▶ _Data extract_
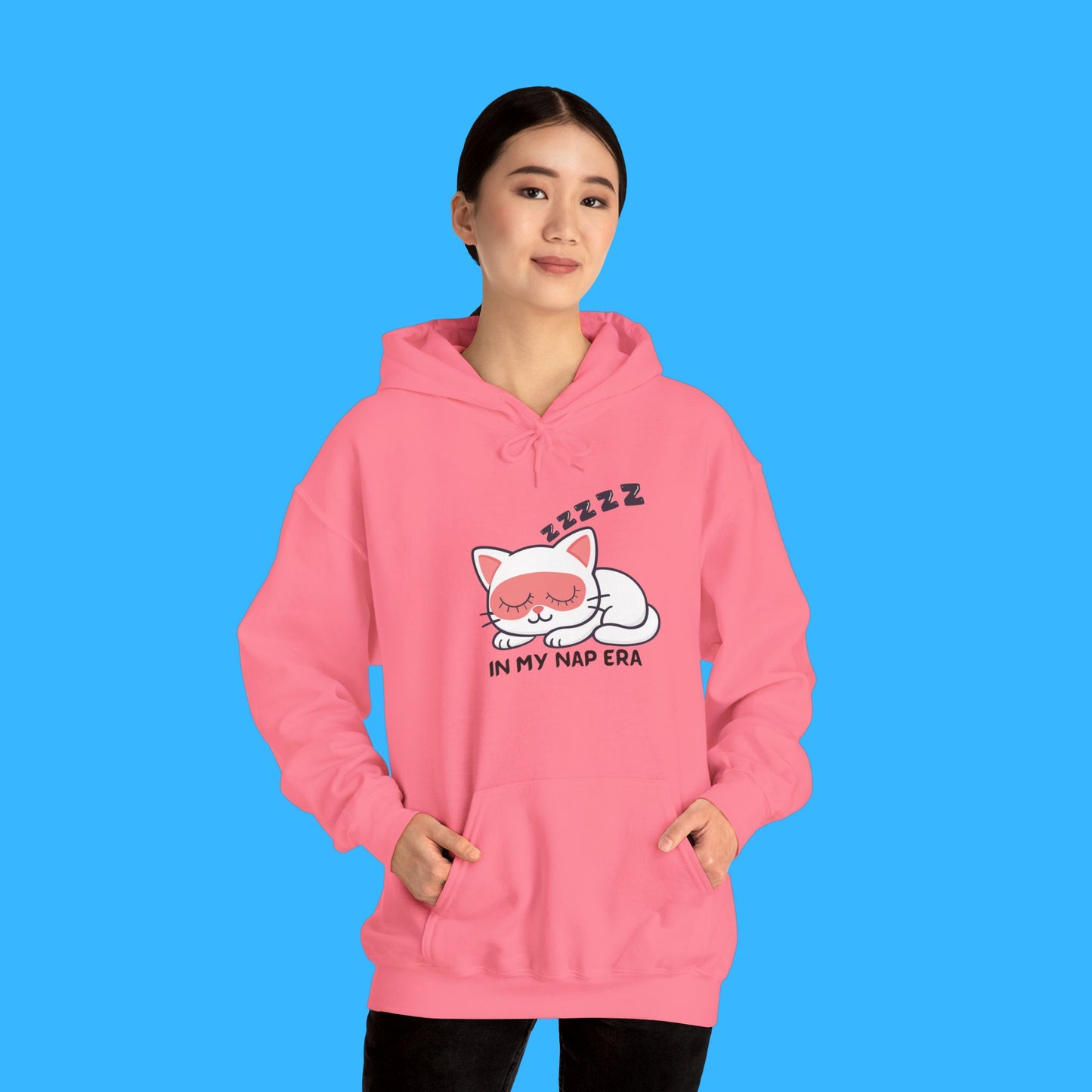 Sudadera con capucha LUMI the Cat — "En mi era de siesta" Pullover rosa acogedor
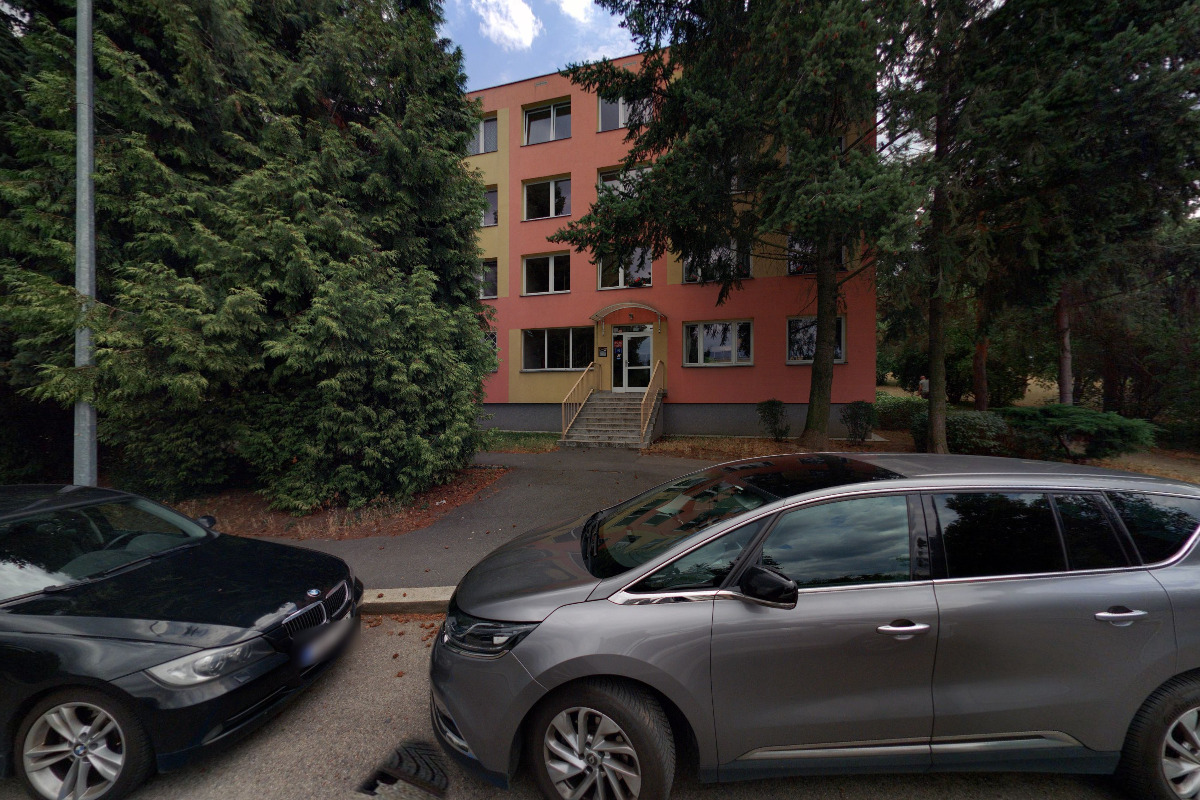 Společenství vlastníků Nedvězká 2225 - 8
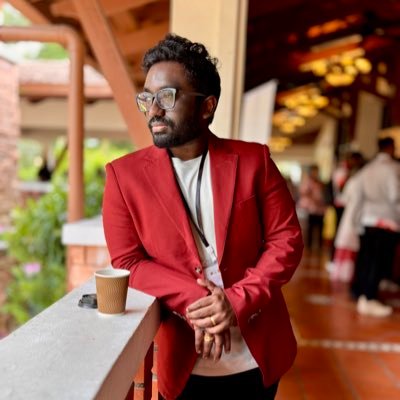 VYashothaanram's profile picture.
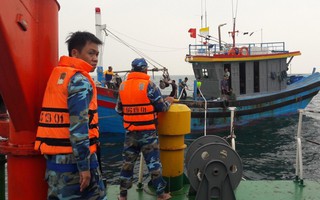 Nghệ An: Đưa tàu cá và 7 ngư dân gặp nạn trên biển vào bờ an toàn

▶ _Exercise prompt_
Write out the whole listing above exactly; do not include the pictures.

▶ _Response to the exercise_
 Sudadera con capucha LUMI the Cat — "En mi era de siesta" Pullover rosa acogedor
 Společenství vlastníků Nedvězká 2225 - 8
 VYashothaanram's profile picture.
 Nghệ An: Đưa tàu cá và 7 ngư dân gặp nạn trên biển vào bờ an toàn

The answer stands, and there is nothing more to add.